** Source data **
···

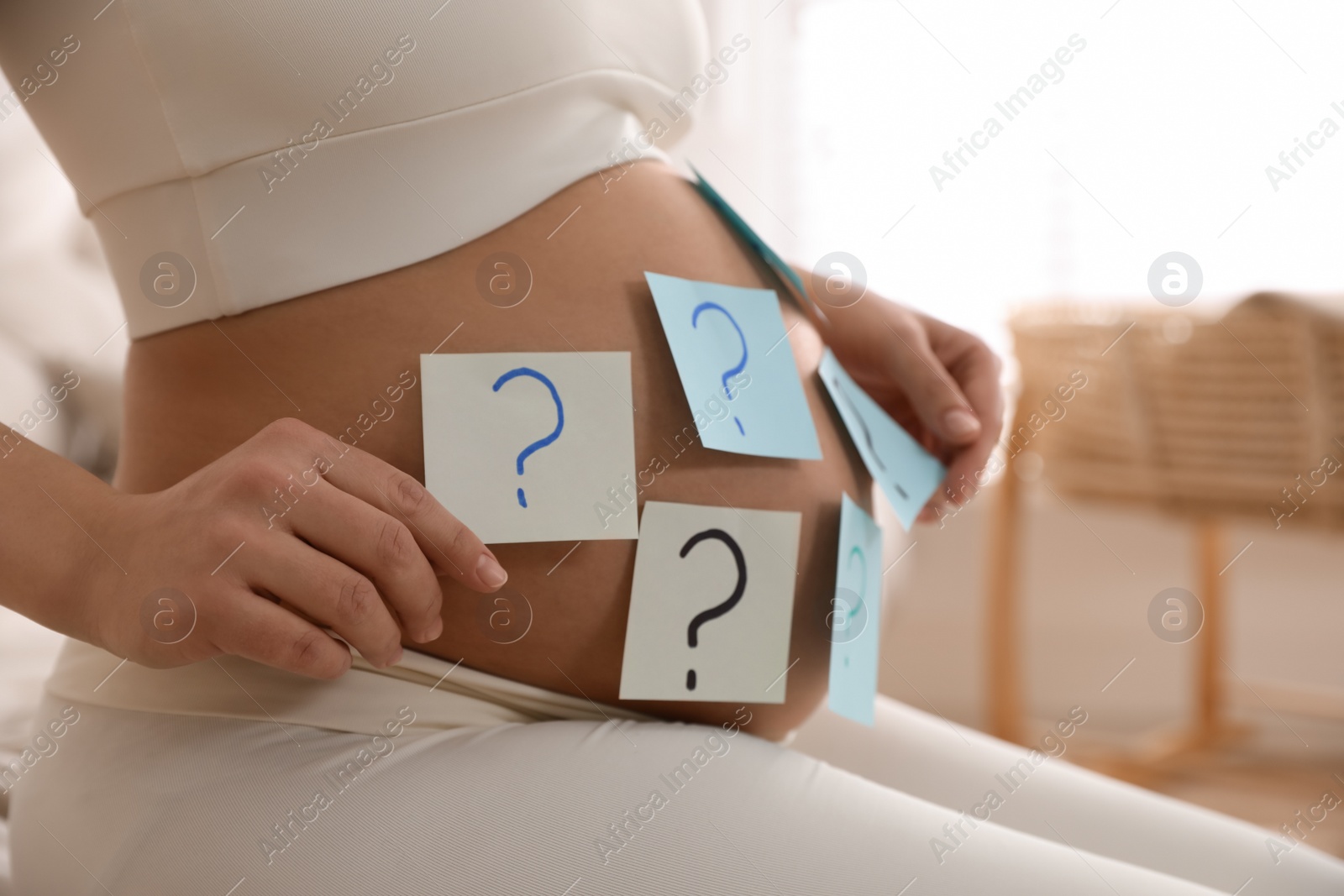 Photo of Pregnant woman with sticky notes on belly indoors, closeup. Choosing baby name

···

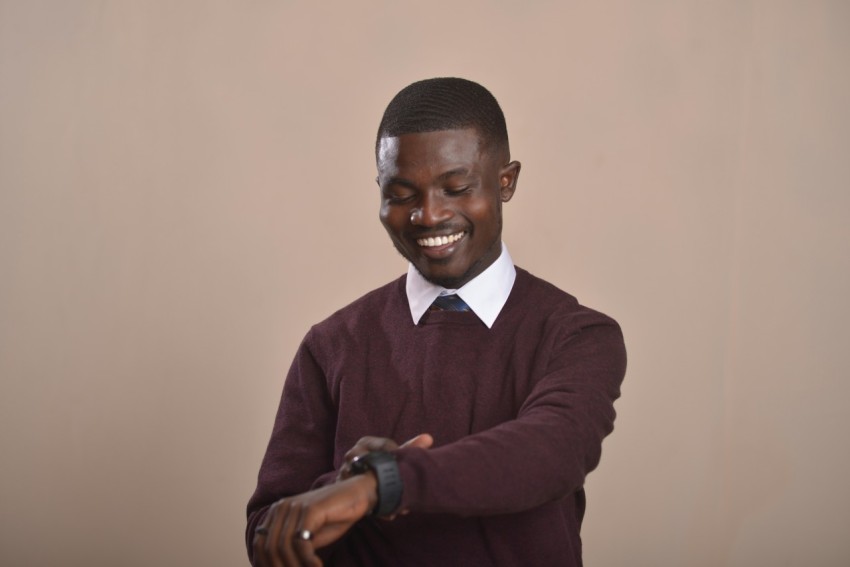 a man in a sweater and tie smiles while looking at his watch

···

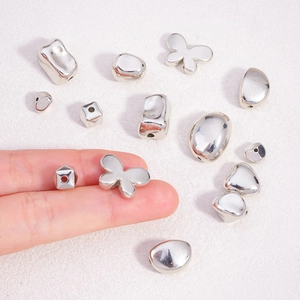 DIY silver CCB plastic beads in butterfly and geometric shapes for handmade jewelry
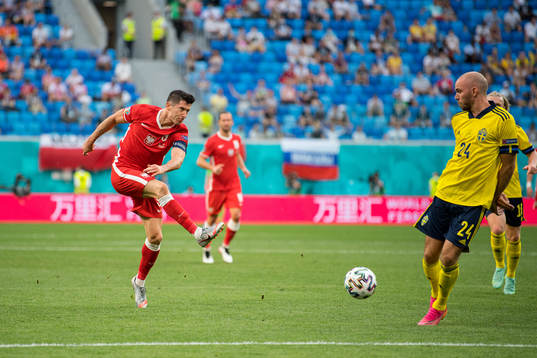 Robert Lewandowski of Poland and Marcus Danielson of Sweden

···

** Task to complete **
Using the records above, return word for word the lines that begin at the one containing "DIY silver CCB" and end at the one containing "Robert Lewandowski of", both of them included and no pictures.

** Response to this task **
 DIY silver CCB plastic beads in butterfly and geometric shapes for handmade jewelry
 Robert Lewandowski of Poland and Marcus Danielson of Sweden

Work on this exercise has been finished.